Opinião

Quando morre alguém bom, morre sempre mais qualquer coisa

28 ago 2025 08:00

A perda é maior e sentida por mais pessoas, como que se a Terra tivesse perdido um anjo do bem e ficado mais pobre por isso

A morte é de facto um exemplo perfeito de uma experiência universal, pois transcende todas as barreiras culturais, sociais e geográficas. Um indivíduo milionário que viva no Hotel de Paris Monte-Carlo irá ter o mesmo destino que um pobre homem que viva na rua. Essa é a razão pela qual a morte é frequentemente vista como um grande “equalizador”, um evento que coloca todos no mesmo patamar.

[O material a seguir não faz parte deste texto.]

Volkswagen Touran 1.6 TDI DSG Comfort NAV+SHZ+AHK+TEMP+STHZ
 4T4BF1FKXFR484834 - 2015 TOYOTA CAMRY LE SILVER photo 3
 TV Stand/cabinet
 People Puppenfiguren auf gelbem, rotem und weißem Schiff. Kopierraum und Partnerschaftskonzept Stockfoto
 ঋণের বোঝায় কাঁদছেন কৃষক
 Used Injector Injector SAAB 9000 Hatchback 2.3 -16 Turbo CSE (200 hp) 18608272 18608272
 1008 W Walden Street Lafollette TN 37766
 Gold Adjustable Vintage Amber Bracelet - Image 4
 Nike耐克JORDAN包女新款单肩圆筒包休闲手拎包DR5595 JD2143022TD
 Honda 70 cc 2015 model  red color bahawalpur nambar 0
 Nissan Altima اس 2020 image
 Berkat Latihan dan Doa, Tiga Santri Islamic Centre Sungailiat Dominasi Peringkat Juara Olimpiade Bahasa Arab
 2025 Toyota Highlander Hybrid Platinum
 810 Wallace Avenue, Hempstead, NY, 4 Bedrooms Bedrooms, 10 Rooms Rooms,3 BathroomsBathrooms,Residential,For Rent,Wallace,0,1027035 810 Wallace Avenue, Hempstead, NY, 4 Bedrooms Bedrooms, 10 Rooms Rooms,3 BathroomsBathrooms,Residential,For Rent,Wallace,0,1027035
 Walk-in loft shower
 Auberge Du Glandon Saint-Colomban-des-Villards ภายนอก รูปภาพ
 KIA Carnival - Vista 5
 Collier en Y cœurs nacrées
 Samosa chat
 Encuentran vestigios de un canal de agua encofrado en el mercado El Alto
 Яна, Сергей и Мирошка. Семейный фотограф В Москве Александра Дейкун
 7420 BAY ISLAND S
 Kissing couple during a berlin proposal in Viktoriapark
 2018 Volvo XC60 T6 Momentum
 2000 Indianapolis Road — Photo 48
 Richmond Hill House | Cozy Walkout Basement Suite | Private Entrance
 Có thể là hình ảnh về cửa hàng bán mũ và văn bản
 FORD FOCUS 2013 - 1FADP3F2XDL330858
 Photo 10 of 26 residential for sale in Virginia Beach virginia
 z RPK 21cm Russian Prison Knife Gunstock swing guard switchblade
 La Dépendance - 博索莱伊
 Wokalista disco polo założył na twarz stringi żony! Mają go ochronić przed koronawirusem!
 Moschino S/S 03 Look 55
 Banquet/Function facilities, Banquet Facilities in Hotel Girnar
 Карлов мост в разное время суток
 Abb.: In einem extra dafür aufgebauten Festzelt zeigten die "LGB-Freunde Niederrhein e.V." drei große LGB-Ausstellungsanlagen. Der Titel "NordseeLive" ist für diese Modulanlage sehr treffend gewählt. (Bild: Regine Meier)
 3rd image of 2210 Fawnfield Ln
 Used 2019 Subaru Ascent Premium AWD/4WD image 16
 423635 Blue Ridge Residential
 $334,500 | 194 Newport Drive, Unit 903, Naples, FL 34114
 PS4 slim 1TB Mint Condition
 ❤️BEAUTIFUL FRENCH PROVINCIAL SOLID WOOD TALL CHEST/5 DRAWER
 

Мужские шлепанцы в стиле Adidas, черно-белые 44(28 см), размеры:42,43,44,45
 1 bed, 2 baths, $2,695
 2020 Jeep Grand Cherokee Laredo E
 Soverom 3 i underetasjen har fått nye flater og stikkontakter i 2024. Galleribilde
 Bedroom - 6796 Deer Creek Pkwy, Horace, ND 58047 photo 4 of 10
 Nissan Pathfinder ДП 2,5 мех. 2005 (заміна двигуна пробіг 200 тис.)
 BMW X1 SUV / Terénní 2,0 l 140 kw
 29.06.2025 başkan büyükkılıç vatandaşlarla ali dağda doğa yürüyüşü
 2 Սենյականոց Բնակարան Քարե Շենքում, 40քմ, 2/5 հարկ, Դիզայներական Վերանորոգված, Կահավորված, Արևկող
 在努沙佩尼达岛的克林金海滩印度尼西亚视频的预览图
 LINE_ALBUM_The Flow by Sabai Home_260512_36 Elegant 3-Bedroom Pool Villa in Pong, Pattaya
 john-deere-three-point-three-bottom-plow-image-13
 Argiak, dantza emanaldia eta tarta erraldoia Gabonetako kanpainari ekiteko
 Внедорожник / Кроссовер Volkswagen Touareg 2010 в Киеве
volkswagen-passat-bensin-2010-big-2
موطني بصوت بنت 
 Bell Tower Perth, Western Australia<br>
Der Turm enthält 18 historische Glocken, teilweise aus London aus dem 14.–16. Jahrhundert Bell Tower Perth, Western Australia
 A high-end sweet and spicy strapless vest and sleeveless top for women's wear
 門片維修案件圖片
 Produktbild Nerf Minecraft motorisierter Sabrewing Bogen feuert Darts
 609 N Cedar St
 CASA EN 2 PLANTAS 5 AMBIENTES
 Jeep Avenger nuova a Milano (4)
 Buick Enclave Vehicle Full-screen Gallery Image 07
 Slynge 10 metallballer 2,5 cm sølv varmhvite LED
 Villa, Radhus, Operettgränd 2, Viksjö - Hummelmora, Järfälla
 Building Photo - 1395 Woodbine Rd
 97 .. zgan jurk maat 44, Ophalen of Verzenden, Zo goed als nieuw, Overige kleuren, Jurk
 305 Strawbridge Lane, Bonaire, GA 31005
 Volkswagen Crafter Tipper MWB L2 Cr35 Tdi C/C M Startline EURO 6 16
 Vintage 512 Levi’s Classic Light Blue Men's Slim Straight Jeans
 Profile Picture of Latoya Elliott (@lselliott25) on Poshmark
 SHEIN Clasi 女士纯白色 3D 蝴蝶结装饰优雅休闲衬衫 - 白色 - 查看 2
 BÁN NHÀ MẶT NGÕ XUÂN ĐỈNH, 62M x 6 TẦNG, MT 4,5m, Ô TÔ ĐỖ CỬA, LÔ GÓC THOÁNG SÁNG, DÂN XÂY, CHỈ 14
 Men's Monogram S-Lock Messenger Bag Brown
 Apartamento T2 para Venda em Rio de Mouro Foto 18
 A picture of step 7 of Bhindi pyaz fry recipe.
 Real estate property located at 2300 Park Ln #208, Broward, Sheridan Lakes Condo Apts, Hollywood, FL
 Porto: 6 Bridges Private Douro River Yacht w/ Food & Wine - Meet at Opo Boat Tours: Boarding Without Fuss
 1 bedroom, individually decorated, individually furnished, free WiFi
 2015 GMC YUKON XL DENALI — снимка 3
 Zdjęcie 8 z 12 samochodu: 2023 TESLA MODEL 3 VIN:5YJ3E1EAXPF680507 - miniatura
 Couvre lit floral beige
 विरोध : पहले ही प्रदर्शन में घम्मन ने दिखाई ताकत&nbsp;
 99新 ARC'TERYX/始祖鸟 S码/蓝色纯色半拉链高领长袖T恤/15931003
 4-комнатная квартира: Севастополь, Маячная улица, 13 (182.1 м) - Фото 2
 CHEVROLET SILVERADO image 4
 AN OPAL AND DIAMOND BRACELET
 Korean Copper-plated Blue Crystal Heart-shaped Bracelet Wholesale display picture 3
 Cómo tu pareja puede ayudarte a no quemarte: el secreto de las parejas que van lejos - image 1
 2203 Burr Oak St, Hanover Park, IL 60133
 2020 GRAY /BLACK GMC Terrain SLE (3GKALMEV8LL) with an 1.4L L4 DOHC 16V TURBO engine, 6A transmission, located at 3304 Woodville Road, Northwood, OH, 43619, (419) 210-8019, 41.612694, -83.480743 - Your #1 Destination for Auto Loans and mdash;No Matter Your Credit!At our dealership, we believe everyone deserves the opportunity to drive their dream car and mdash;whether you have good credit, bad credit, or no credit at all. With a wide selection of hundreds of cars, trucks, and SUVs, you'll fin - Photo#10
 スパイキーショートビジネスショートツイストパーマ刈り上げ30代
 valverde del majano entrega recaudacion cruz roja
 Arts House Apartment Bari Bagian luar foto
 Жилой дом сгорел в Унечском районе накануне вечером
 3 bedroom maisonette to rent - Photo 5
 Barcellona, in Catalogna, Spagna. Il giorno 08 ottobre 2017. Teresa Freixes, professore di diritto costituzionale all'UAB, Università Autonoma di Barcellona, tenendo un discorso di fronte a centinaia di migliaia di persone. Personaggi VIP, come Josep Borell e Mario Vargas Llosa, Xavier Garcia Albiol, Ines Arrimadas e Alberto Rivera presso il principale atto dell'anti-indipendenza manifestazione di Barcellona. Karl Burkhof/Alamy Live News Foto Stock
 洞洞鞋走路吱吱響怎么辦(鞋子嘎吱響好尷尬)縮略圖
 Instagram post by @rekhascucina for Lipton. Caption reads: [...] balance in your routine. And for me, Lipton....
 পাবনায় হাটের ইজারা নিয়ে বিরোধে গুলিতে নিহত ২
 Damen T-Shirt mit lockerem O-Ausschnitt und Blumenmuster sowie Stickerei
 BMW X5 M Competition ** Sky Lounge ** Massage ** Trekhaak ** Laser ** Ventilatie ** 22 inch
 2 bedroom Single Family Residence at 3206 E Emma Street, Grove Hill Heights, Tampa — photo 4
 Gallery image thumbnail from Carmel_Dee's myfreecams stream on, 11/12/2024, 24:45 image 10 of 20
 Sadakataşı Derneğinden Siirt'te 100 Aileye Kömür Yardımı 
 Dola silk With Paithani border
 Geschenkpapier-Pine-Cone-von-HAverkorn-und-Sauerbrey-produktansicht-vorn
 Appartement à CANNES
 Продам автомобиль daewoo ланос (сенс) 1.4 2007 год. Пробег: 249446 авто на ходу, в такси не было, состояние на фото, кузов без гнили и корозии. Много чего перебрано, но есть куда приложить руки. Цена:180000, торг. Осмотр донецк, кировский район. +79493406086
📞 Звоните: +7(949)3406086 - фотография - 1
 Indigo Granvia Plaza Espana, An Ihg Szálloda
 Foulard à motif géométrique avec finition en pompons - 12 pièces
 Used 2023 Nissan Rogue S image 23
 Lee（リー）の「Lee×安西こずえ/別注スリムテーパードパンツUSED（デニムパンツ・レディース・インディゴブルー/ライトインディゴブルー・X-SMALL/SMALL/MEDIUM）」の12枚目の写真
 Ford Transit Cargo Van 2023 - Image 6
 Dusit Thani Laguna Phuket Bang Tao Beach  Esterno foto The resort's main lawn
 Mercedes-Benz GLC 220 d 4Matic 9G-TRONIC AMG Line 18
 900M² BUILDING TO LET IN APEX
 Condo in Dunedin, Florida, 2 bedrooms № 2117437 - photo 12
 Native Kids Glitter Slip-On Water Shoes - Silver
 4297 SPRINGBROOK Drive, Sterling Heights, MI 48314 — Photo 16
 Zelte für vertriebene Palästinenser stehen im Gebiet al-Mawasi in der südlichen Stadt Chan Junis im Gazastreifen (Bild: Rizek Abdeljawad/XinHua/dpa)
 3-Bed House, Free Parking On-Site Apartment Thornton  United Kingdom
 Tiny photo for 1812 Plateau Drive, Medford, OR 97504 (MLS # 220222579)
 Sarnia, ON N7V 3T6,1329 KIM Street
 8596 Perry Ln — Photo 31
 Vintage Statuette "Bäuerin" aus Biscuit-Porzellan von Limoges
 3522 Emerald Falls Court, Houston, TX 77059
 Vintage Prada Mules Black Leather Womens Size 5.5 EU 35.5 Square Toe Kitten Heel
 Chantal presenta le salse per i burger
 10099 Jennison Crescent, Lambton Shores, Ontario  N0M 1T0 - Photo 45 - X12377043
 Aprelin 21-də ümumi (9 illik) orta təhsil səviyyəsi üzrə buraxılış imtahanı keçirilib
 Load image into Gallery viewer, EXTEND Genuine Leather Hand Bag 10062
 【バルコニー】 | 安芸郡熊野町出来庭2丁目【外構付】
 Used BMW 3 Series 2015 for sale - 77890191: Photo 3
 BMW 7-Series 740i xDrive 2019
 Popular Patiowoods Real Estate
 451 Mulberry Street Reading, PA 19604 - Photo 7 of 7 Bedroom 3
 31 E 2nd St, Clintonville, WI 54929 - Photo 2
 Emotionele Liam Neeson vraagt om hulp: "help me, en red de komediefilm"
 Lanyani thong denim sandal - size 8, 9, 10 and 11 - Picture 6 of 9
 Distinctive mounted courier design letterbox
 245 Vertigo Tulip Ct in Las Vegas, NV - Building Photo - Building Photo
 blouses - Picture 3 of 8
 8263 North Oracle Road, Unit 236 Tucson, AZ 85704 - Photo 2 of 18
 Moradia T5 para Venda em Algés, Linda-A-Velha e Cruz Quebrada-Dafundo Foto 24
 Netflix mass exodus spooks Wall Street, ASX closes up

A morte também tem um grande e mau poder. Ela deixa-nos tristes e desamparados quando morre alguém de quem gostamos e nos é próximo. Pela dor que nos provoca e por aquilo que nos retira das nossas vidas ninguém gosta dela. 

Recordo-me das primeiras pessoas que morreram e que me eram próximas. Um sentimento novo, estranho e complexo. Nunca mais as iria ver. Lembro-
-me em especial da morte do meu avô Quim, um homem beirão que passeava nas ruas da cidade da Guarda e cumprimentava muitos daqueles que passavam por perto. As pessoas retorquiam de sorriso sincero na cara e pareciam felizes por o ter visto. Eu era novo, mas a caixa das memórias boas é grande e sólida e talvez por isso não me esqueço do meu avô Quim a dizer sempre que sim àquelas pessoas desamparadas que pediam esmolas nas ruas da cidade fria da Guarda.

O meu avô, quando nos vinha visitar a Leiria, oferecia gelados a todos os meus amigos que brincavam na rua comigo e naquela altura era sempre um momento de pura alegria. Na verdade, ele era um homem bom e talvez por isso o impacto da dor que teve a sua morte foi mais extensível do que só à sua própria família e amigos mais chegados. 

Quando morre alguém bom, parece que morre sempre mais qualquer coisa. A perda é maior e sentida por mais pessoas, como que se a Terra tivesse perdido um anjo do bem e ficado mais pobre por isso. As pessoas boas deveriam ser eternas. 

A semana passada, Leiria perdeu uma das figuras mais incontornáveis da sua história. Mário Matias que começou a trabalhar aos 15 anos na Caixa de Crédito de Leiria como moço de recados para mais tarde se tornar no presidente do conselho de administração dessa instituição. Foi um homem que entregou a sua vida à banca, nunca esquecendo a responsabilidade social que isso poderia alcançar. 

Mário Matias era um homem bom e próximo de todos e por isso mesmo a sua morte tem um impacto maior na comunidade. Em primeiro lugar partiu um marido, um pai, um avô, um amigo, mas partiu também alguém que sabia o verdadeiro lugar da democracia e a sua importância para uma vida mais livre e digna. 
Foi mais um anjo do bem que nos deixou e todos nós ficamos muito mais pobres.